名前たちが雑誌から目線を上げると、出水は2人に声を掛けていた。

「よっ、八色と苗字」
「あれ?出水先輩一体いつから」
「八色、それは酷くね?」

出水と夢依は面識があるらしい。出水の存在に本当に今気付いたらしい夢依は目をぱちぱちさせる。それを見て「まじかよ」と出水が呟いた。

「え、どちら様ですか?」
「えっ!?」
「えっ...?」

名前はと言うとまず出水のことが分からないらしい。まあ彼女は壊滅的に人を覚えられないからな。しかし、それを知らない出水は素で声を上げた。それを見て名前が首を傾げる。

「おいおい嘘だろ。おれだぞ?」
「おれおれ詐欺の方?」
「違う違う」
「ふっ」

本気で分かっていない名前の素っ頓狂な答えに出水は首を振り、夢依は名前の横で笑っている。

「ほら、この前太刀川さんを回収に来ただろ?」
「太刀川さんを回収?」
「出水先輩、太刀川隊の人だからね」
「そうなんだ...?」

助けを求めるように夢依を見た名前に、彼女はそう補足する。それでもよく分かっていない名前は「ま、いっか」と呟くと手にあるそれをこちらに渡してきた。

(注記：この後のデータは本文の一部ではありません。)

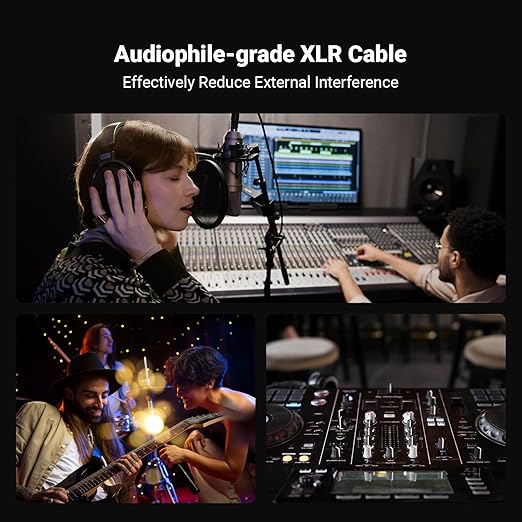 Fosi Audio XLR Cable 1ft, 2 Pack Cables Preamp to Power Amp, Durable Shielding for ZA3 ZD3 Amplifier DAC Preamp Microphone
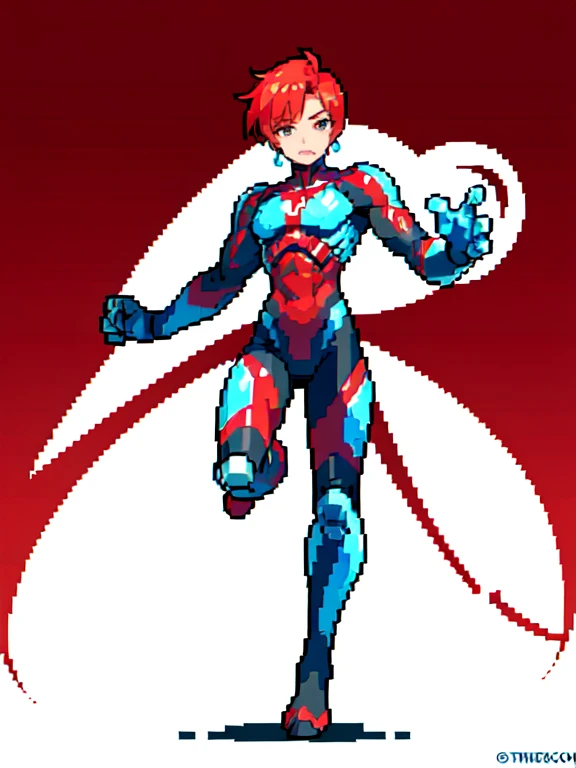 (masterpiece, top quality, best quality), pixel,pixel art,1man,red hair,mullet hair,,red cyborg suit,riding ,full body,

「どうぞ岳さんと、えっと.......先輩。お裾分けです」
「出水な。おれ、出水公平」
「イズミ先輩、どうぞ」

相変わらずたけのこの某お菓子を差し出して彼女は笑う。それから2人は教室の時計を見て、「お弁当食べる時間なくなるんで失礼します」そう言って教室を出ていった。


「名前は壊滅的に人のこと覚えられないよ」
「まじか。おれ、苗字と結構会ってるのにな。あと太刀川さんが名前を出すせいで謎の親近感がある」
「へー」

お部当を食べ終えて、2人でそのお菓子を摘みながらそんな会話をする。今日だけで元から喋れる方ではあった出水と更に仲良くなれた気がして、不思議な気持ちになった。


(岳さん岳さん)
(なに?)
(あの前髪を両目にぶち込んでらっしゃる先輩って誰でしたっけ?)
(え、誰それ?)

*エドヴァルド・ムンク(諾):"ムンクの「叫び」"で有名な画家。